A brief update on where both cameras stand.
Camera 1. Yi, with C-Mount Lens
I now have the titanium components I designed and had cut by SendCutSend, and the C-Mount Taylor-Hobson lens purchased off of EBay. I’m awaiting some pads being laser cut (to seal and protect camera elements), and a lens mount component that Jawstec is printing (multi-jet fusion -nylon, which may be replaced by one printed in metal, after I check fit and strength). This weekend, I’ll be sanding and polishing the titanium.
Unfortunately, I think I put a couple of dings in the Yi’s sensor while trying to reposition it, and I’m waiting for a replacement Yi (again EBay, arriving Monday).
Camera 2. RaspberryPi HQ Camera, with D-Mount Lens
This was pretty easy to get working, because it’s inherently such a simple setup.
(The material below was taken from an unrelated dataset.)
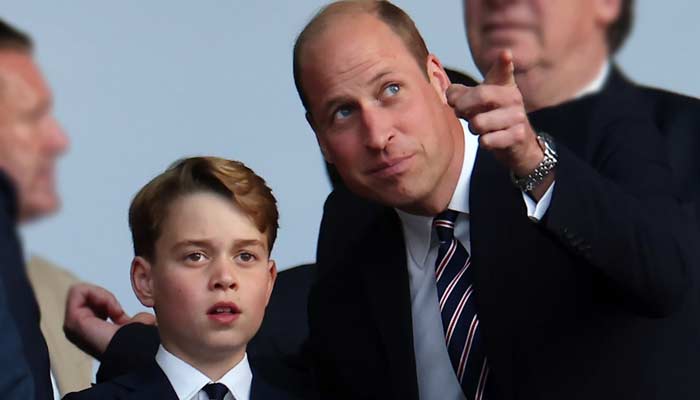 Future king William is anxious to bring his eldost son up differently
Slide the ribbon connector from the camera straight into the slot on the RaspberryPi, activate the camera in software, and you’re taking pictures.
The short (12.29mm) distance from the base (flange) on D-Mount lenses to the sensor is no problem, because there’s nothing to get in the way.
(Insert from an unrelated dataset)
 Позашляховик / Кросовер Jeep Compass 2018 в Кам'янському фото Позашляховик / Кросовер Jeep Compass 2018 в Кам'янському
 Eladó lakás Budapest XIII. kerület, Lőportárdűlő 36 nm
The “camera” comes with an installed CS-C-Mount, in front of the sensor, and because it’s set up specifically to be easy to change backfocus distance in the mount. all I needed to do was add a small threaded C->D adapter I keep on my keychain anyway.
The one difficulty with setting backfocus correctly comes from using my massive 4k monitor for the project, because I lack a smaller screen on-hand. The way to fine-tune backfocus is to set the lens on infinity and then fiddle with the distance of flange to focal plane until it’s looking sharp. Unfortunately, I have no “infinity” in my rowhouse, so, short of taking everything outside, I’ll need to wait until I can get a new screen in. Probably a small touch screen, attached to the Pi, so that I can have this form a freestanding camera when I’m done.
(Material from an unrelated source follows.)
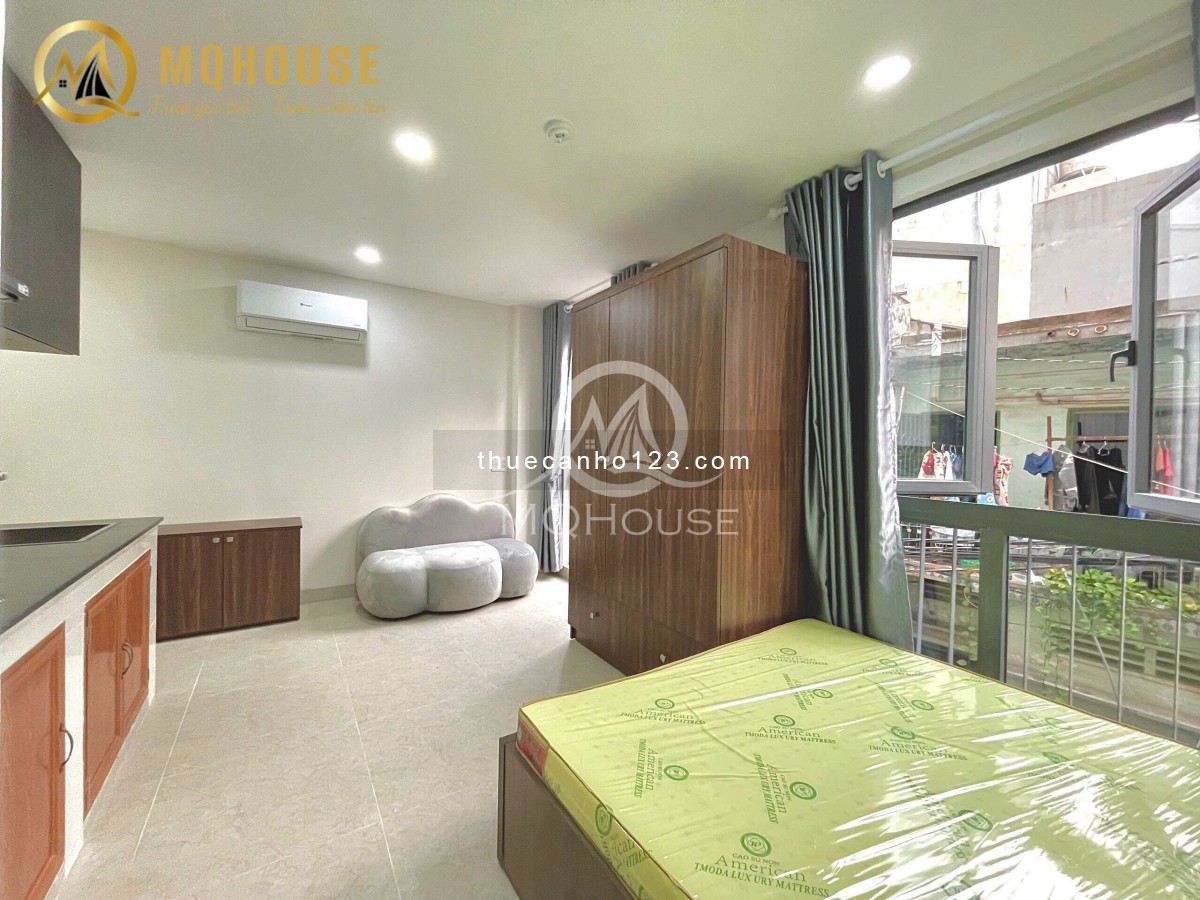 CĂN HỘ FULL NỘI THẤT 40m2- BÙI THỊ XUÂN , TÂN BÌNH - GẦN SÂN BAY TÂN SÂN NHẤT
The bigger problem overall, is that the RaspberryPi HQ camera is specifically designed for hobbyists and engineers who want to use it for tweaking and all sorts of clever stuff with sensors and Internet of Things uses. To make the camera actually do anything useful on the software side, and even to integrate hardware switches, saving video to solid state devices, etc, requires programming in Python. I’m not a Python programmer, and even though I am a complete master of “copy-and-paste,” there hasn’t been enough development of the Pi HQ camera for there to be a code base from which I can lift.
Hence, I definitely have some stuff to figure out right now. I love the D-Mount lenses, and this setup does seem to work with them. But do I design a housing and work to figure out the Python controls necessary, or do I pause, and work to find hardware that will accept the D-Mount lenses, but be better suited to the creation of a camera?